Der Beginn scheint trivial: Narziss, so meinen wir zu wissen, ist seit den letzten Dekaden des 20. Jahrhunderts die Leitfigur moderner Identitätskonstitution und Narzissmus längst zum wohlfeilen psychologischen Vorwurf verkommen. Aber Groys liest den Mythos anders: Wenn Narziss sich in sein Spiegelbild verliebt, ist es nicht unmittelbar er selbst, auf den er sich bezieht, sondern sein Bild – also etwas, das von seinen Wünschen und Ängsten getrennt und potentiell von allen anderen (die zugegen sind) gesehen werden kann. Leitmotivisch wird Groys diese Trennung zwischen dem individuellen Körper, der nur erfahren, aber nicht gesehen werden kann, und dem tendenziell kollektiven Selbst-Bild verfolgen, ihre Facetten aufweisen und ihre Folgen thematisieren. Dabei kommt er von der Lehre der Selbstentäußerung Gottes (Kenosis), der in Christus eine Gestalt annahm, die Menschen verstehen und begreifen konnten, über die Ästhetik des Selbstdesigns in den Avantgarden der frühen Moderne, die wie für die Objekte auch für die Menschen ornamentlose Oberfläche und reine Funktionalität forderten, bis hin zur Ästhetisierung der Politik und zur Selbstästhetisierung des persönlichen Selbstbildes im Internet immer wieder auf die Bedingungen und Konsequenzen der Trennung des öffentlich präsentierten Bildes von seinem lebendigen Bildgeber vor – oder hinter? - dem Bildschirm zu sprechen.  Die beunruhigende Konsequenz: Waren die vergangenen Jahrhunderte bestrebt, Dinge zu produzieren, die dann im Gebrauch verschleißen und sterben konnten, ist die moderne Kultur, wie sie sich seit der französischen Revolution in Museen ankündigte und in der energiefressenden Infrastruktur des Internets heute universell geworden ist, darauf aus, Dinge und Menschen zumindest medial präsent zu halten – im Transhumanismus sogar bis über den natürlichen Tod ihrer Körper hinaus.
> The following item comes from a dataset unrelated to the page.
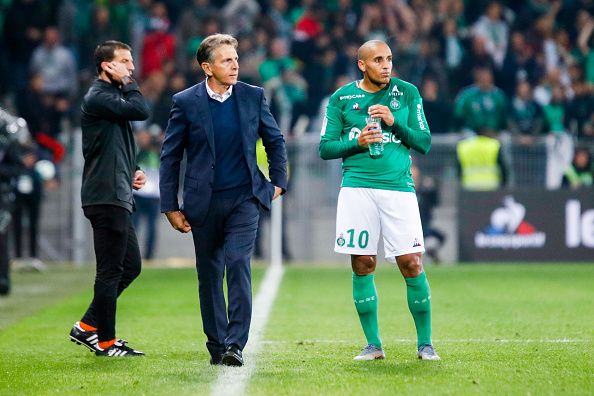 Khazri Saint-Etienne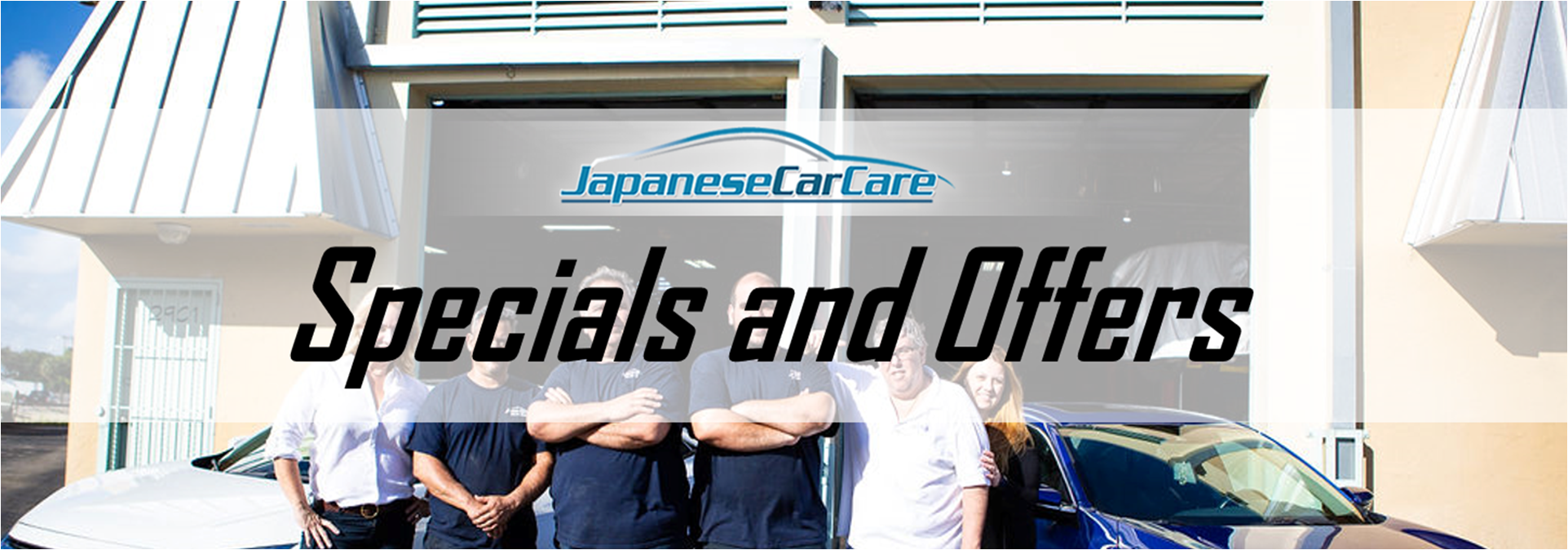 Japanese Car Care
An die Stelle einer Produktions- ist damit eine Betreuungsökonomie getreten: Der Versuch, sein Bild und, sobald man sich mit diesem Bild oder das Bild mit sich identifiziert, sich selbst unsterblich zu machen. (Man denke an die Diskussionen um die Corona-Quarantäne und die Polemiken zwischen Boomern und Snowflakes.)

Den zum Verschenken schön gestalteten Band ergänzt das Essay durch ein langes Gespräch zwischen Groys und dem kürzlich verstorbenen Dramaturgen Carl Hegemann, das die Themen noch einmal aufgreift und am Modell des Schauspielers illustriert, der zugleich sich selbst sein und (s)eine Rolle spielen muss.